Gurugram: Kellton Tech (BSE&NSE: KELLTONTEC), a global leader in digital transformation and integration, announced that it has been chosen by ZEE5, India’s Entertainment Super-app, to build a next-generation, cloud-native content management system (CMS) that delivers relevant, real-time content experiences across all constituents of business.
As a strategic digital partner, Kellton Tech will blend automation with smart cloud capabilities to build a hyper-scalable content management system that facilitates the capture, aggregation, management, and record of information faster and more conveniently through a plug-and-play approach. The new CMS will be built on a foundation of self-learning, analytical technologies to enable personalized content recommendations and delivery for boosting viewer engagement and maximizing the value of subscription-based revenue constantly.
Karanjit Singh, CEO – Kellton Tech India, said, “Our collaboration with ZEE5 marks the beginning of an important collaborative milestone for Kellton Tech. This is a huge opportunity for us to showcase our forward-looking digital capabilities and deploy our bespoke integrated planning approaches. This project, powered by new-age digital technologies, will provide access to relevant insights and help ZEE5 gain operational efficiency, resulting in faster creation, moderation, and dissemination of content. We look forward to creating long-lasting value for ZEE5 and supporting its growth momentum.”

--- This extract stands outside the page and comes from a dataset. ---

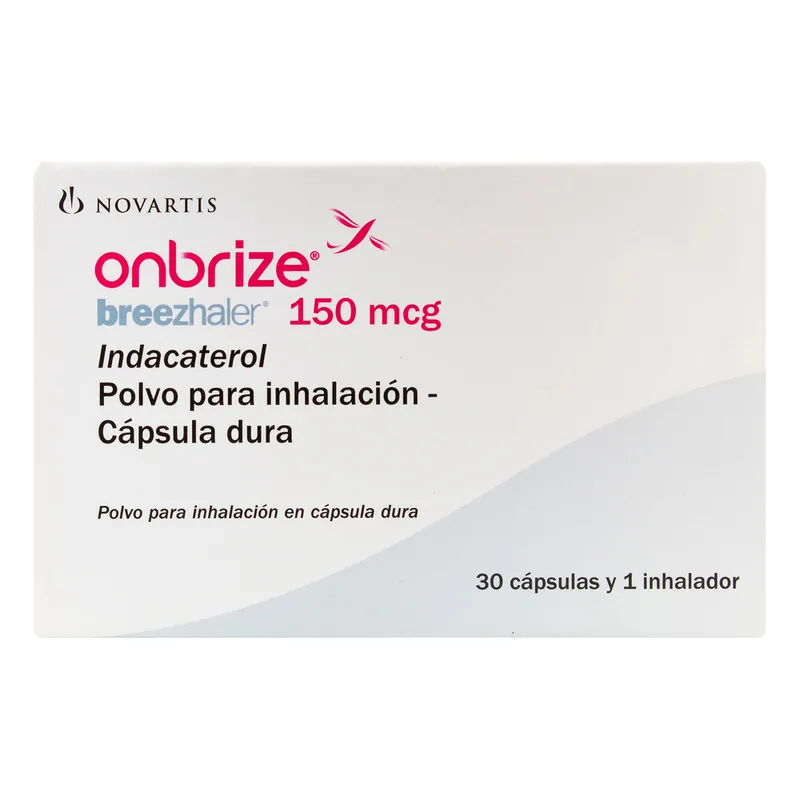 Onbrize Breez 150 mcg 30c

Rajneel Kumar, Business Head – Expansion Projects & Head Products at ZEE5 India, said, “ZEE5 is a classic consumer first brand and it takes the best of content, data and cutting-edge technology to delight users on the go. Our partnership with Kellton Tech is one such strategic step taken towards optimizing the platform capabilities to stay relevant, facilitate greater user engagement, conversion, and retention. We are committed to invest aggressively in technology that enables us to deliver a superlative content viewing experience for our audiences anytime, anywhere.”